あー言えばこう言う
国会で安全保障関連法案の審議が行われています。
6月4日の衆院憲法審査会では、参考人として呼ばれた3人の憲法学者が、「憲法違反」との見解を示しました。
要するに、安倍政権が成立を目指す法律案は、憲法に違反するから許されない、と一致した意見を示したのです。
与党は慌てて火消しに走っています。
野党は勢い勇んで廃案に持ち込もうとしています。
自民党の高村議員は、火消しのためにこう言いました。
「憲法の番人は最高裁で、憲法学者ではない。」
さて、確かに最高裁は、制定された法律の憲法適合性の最終判断権を持ちます(憲法81条)。なので↑の発言はそれ自体間違いではありません。
しかし、国会議員は憲法尊重擁護義務を負います(憲法99条)。なので、制定しようとする法律が憲法に合致するよう、配慮する義務を負います。
このことが意味するのは、「いくら憲法の最終判断権者が最高裁だとしても、そもそも法律案提出の段階で、当該法律案が憲法に違反しないかどうか、最善の注意を払う必要がある。」ということです。

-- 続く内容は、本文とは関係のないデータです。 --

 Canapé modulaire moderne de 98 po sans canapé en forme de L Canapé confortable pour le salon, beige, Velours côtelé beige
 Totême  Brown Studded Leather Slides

最終的には最高裁が判断してくれるからといって、憲法に違反するかどうかもまったく考えることなくやたらめったら危険な法律案を出してはいけないのです。
そう考えると、↑の高村さんの発言は事の本質をごまかしているだけで、火消しになってはいません。事前には国会が、事後には最高裁が、法律の憲法適合性をチェックするのが憲法のタテマエなのです。

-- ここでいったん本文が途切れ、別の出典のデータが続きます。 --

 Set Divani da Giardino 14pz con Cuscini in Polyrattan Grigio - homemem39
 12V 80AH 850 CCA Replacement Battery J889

また、このような理屈の問題以外に、私があまりにも馬鹿げていると感じたのは、結局今の安倍政権は集団的自衛権の問題について「あー言えばこう言う。」という姿勢しか示せていないということです。
そうです。何を隠そう、安倍さんは、2014年2月12日の衆院予算委員会で、「(憲法解釈の)最高責任者は私だ。」と自信満々に答えているのです。
これって、↑の高村さんの発言と真逆のことを言っていますよね。
どうにもこうにも都合が悪くなると、簡単に前言と矛盾する言動が横行しており、「あー言えばこう言う。」という胡散臭い状況が続いています。